PROVIDED DATA =>
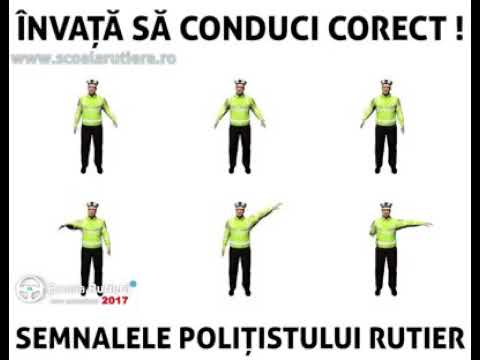 Semnalele Polițistului Rutier - Invata sa conduci corect. ⚠️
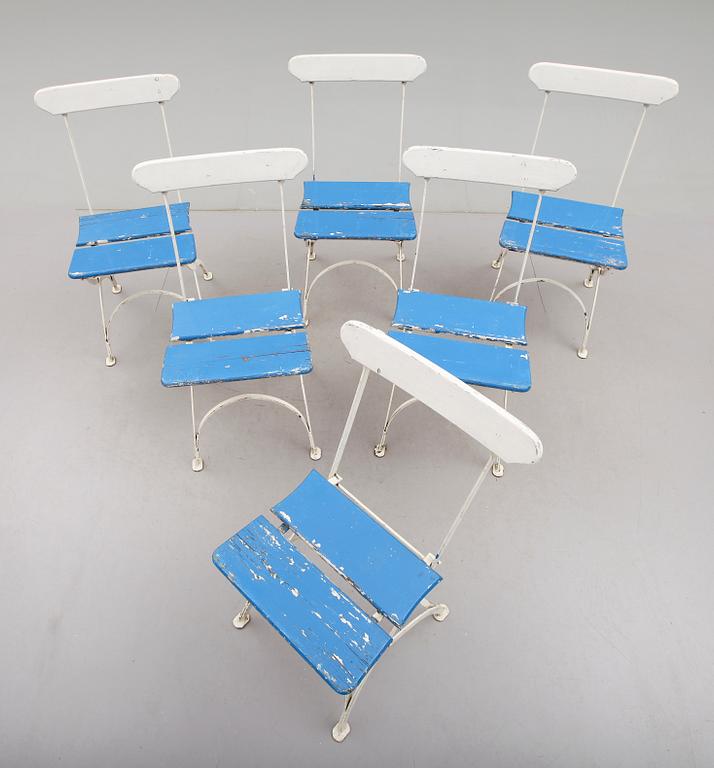 TRÄDGÅRDSSTOLAR, 6 st, Grythyttan, 1900-talets andra hälft.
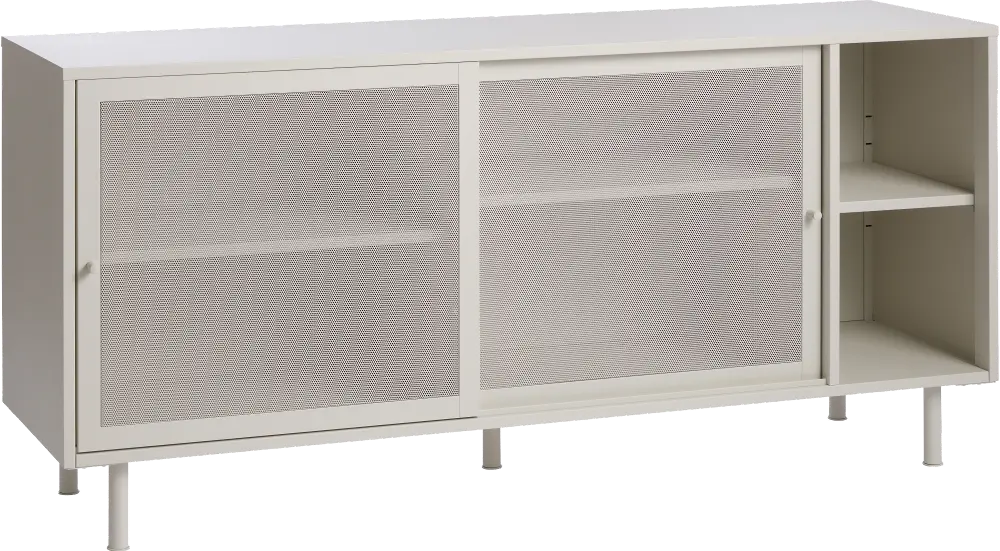 Veep Gray Metal Sideboard-1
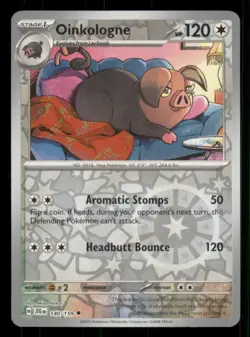Oinkologne SV09: Journey Together #140/159 Uncommon Reverse Holo Pokemon NM - Image 1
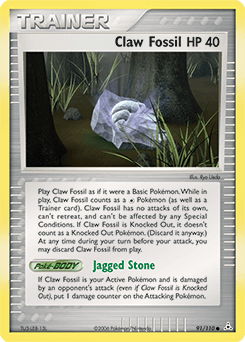 Claw Fossil 91/110 — Holon Phantoms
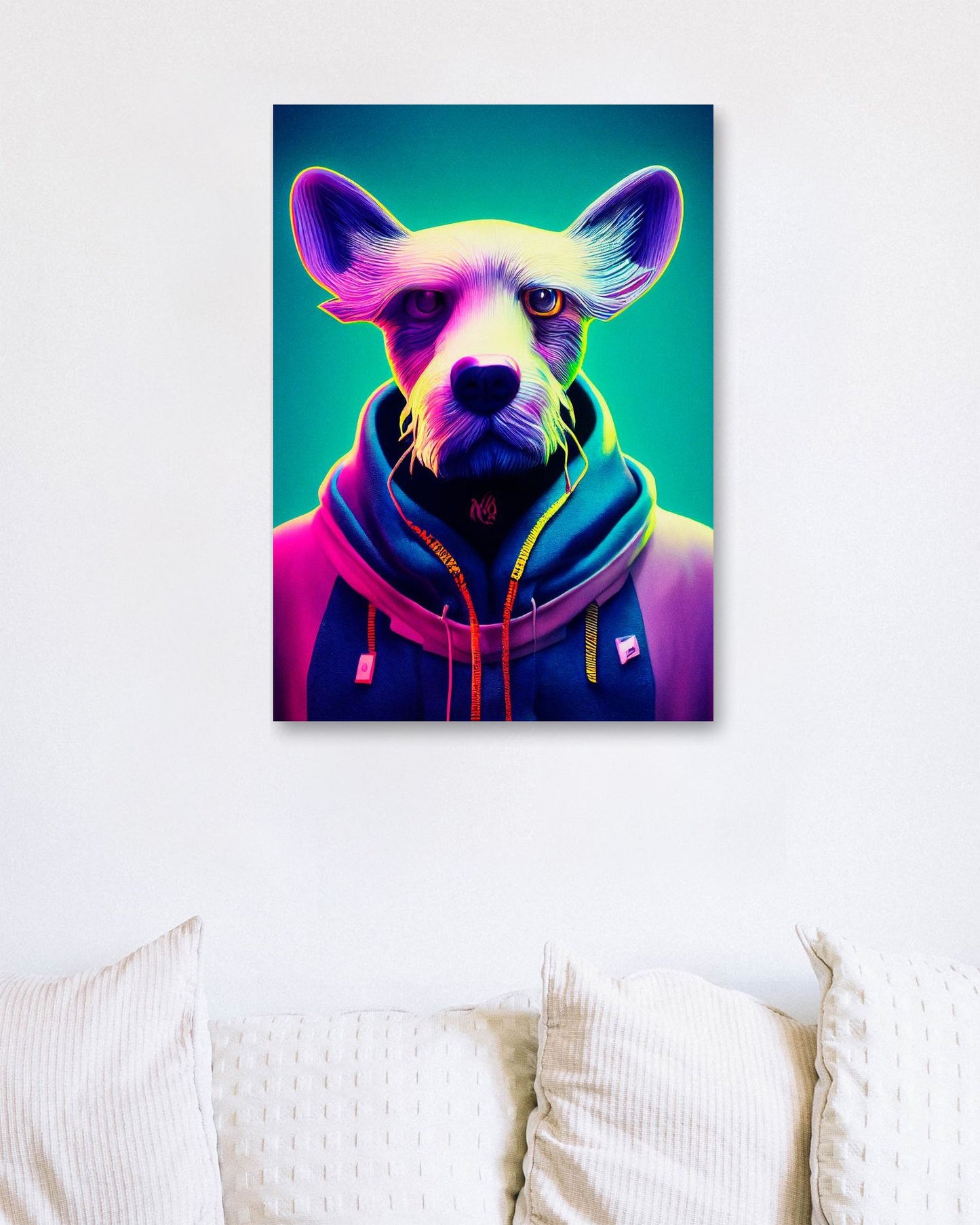 Wild dog portrait - @Artnesia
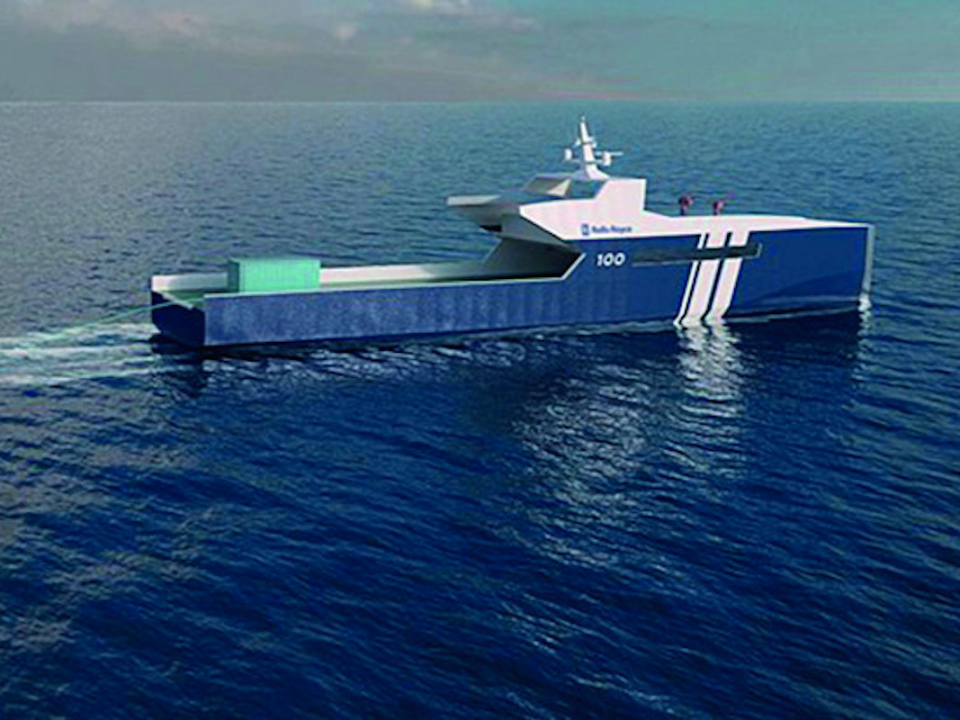 rolls-royce driverless boat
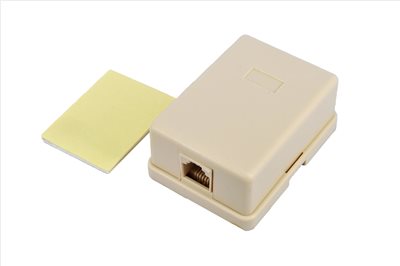 97-001 1孔電話接線盒 2C單孔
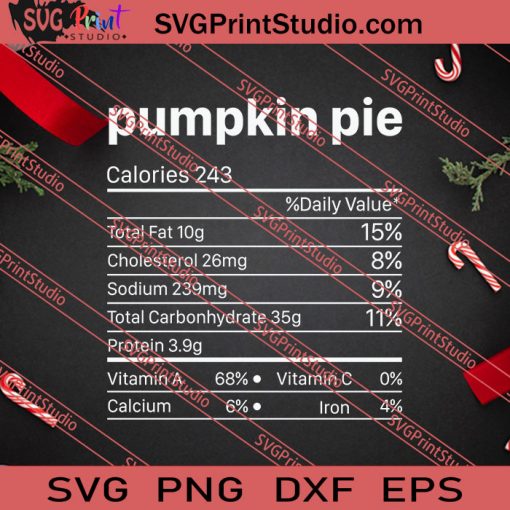 Pumpkin Pie Thanksgiving SVG PNG EPS DXF Silhouette Cut Files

EXERCISE PROMPT =>
Pictures are to be omitted. Output verbatim only the lines from the one holding "97-001 1孔電話接線盒 2C單孔" through the end of the material, both included.

RESULT OF THE EXERCISE =>
 97-001 1孔電話接線盒 2C單孔
 Pumpkin Pie Thanksgiving SVG PNG EPS DXF Silhouette Cut Files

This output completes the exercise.